En Équateur, il serait inutile d’avoir une plus grande efficience finale du système d’éducation supérieure sans changer la qualité du système. La prémisse précédente n’a pas été un problème dans le néolibéralisme qui a recherché une plus grande efficience finale sans qu’importe la qualité du diplôme. On pourrait même faire remarquer qu’il aurait été souhaitable d’être plus inefficient  dans certaines universités de plus mauvaise qualité (catégorie E) qui ont été fermées par manque de qualité* (« plus » ne signifie pas toujours « mieux»). Ce n’est pas un hasard qu’aient émergé des universités privées ou des promotions d’État offrant des diplômes au rabais sans le savoir censé les cautionner. Si on avait permis que les 14 universités fermées continuent à fonctionner, nous aurions davantage de diplômés, certes, mais sans que cela implique la possibilité de revendiquer d’avoir un diplôme démontrant de grandes capacités pour créer un savoir innovant et, donc, avec peu de probabilités de générer la transformation sociale possible. Une fois de plus, ce n’est pas la même chose d’avoir l’efficience et après la qualité que la qualité et après, l’efficience. Dans un système avec des standards de qualité minimale, la prémisse serait la qualité et l’efficience en même temps. Compte-tenu du moment historique que vit le pays, l’ordre des facteurs altère donc de nouveau le produit.

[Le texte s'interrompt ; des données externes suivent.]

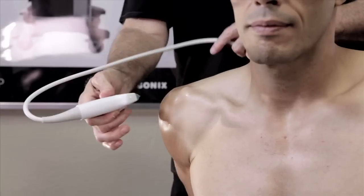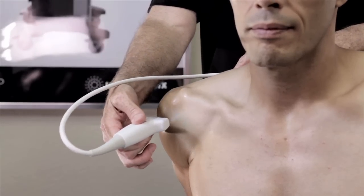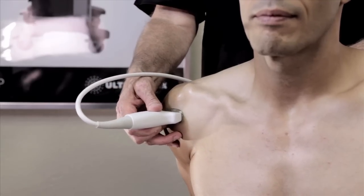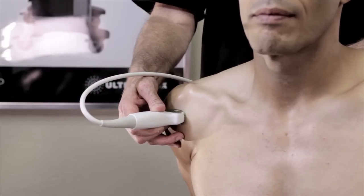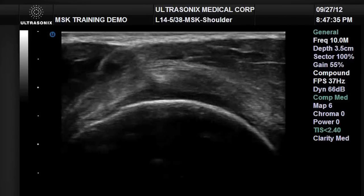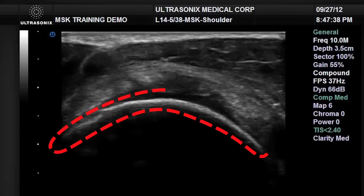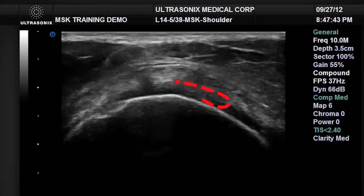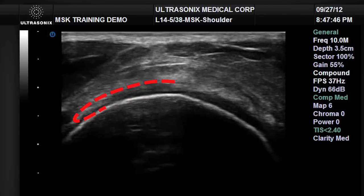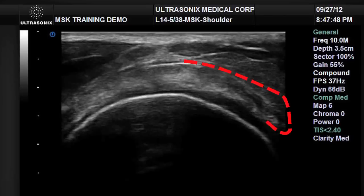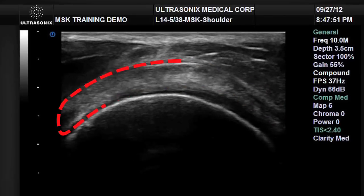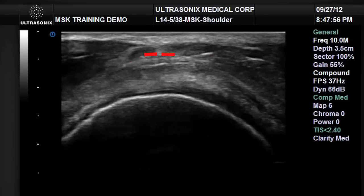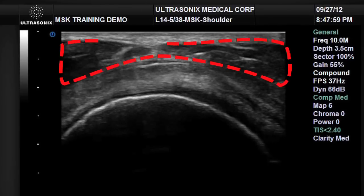We're going to get our short axis image first, placing the probe parallel with the floor in short axis orientation relative to the patient's body in neutral anatomic posture. With a firm probe placement identifying the broad round convexity of the humeral head, and by toggling the probe, we identify the cortical margin of the humerus, the black anechoic layer of hyaline cartilage, the supraspinatus tendon wrapping around the humeral convexity, the potential space for the subacromial subdeltoid bursa, and the deltoid muscle superficial to that.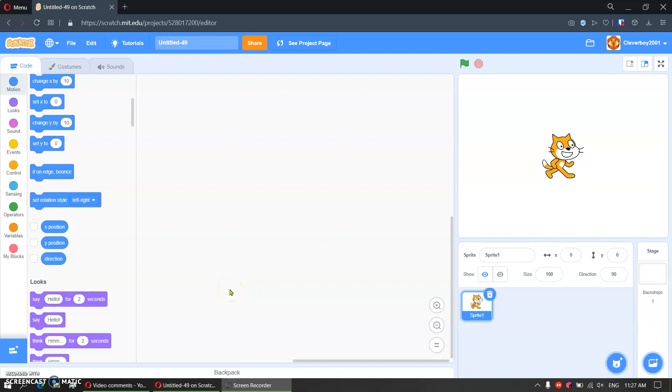Hey guys, welcome back to my channel! Today we are going to make a football soccer game. Let's make it.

A moyen ou à long terme, la mauvaise qualité porte en elle -quoi qu’il advienne- de grandes inefficiences et des injustices sociales étant donné que, d’une manière générale, la plus mauvaise qualité est toujours pour les plus pauvres.

La première question que la gauche doit donc se poser dans chaque domaine, c’est : qualité, de quoi ? D’autre part, la gauche doit absolument veiller à ce que l’excellente qualité soit accessible à tous et, surtout, aux plus exclus et aux plus pauvres afin de pallier les injustices historiques et permettre des rencontres sociales sans aucun type de distinction..

En ce sens, contrairement à la construction de droite qui préconise que les concepts comme équité/égalité, efficience, efficacité et qualité sont bons ou mauvais ou souhaitables par eux-mêmes, la gauche doit recouvrer le sens politique et historique de ces mêmes concepts dans le cadre de la construction du nouvel ordre social qu’elle tente de transformer. Ne pas le faire ou, tout du moins, ne pas poser le problème serait un signe que la gauche n’a pas été capable de rompre avec le discours et la pratique hégémonique du néolibéralisme. Un défi de plus pour la Révolution Citoyenne dans cette seconde période !

* En Équateur en 2012 14 universités ont été fermées par le gouvernement après évaluation (classification de A à E, les universités classées E ont été fermées). Toutes les universités ont désormais vocation à converger vers la classification A.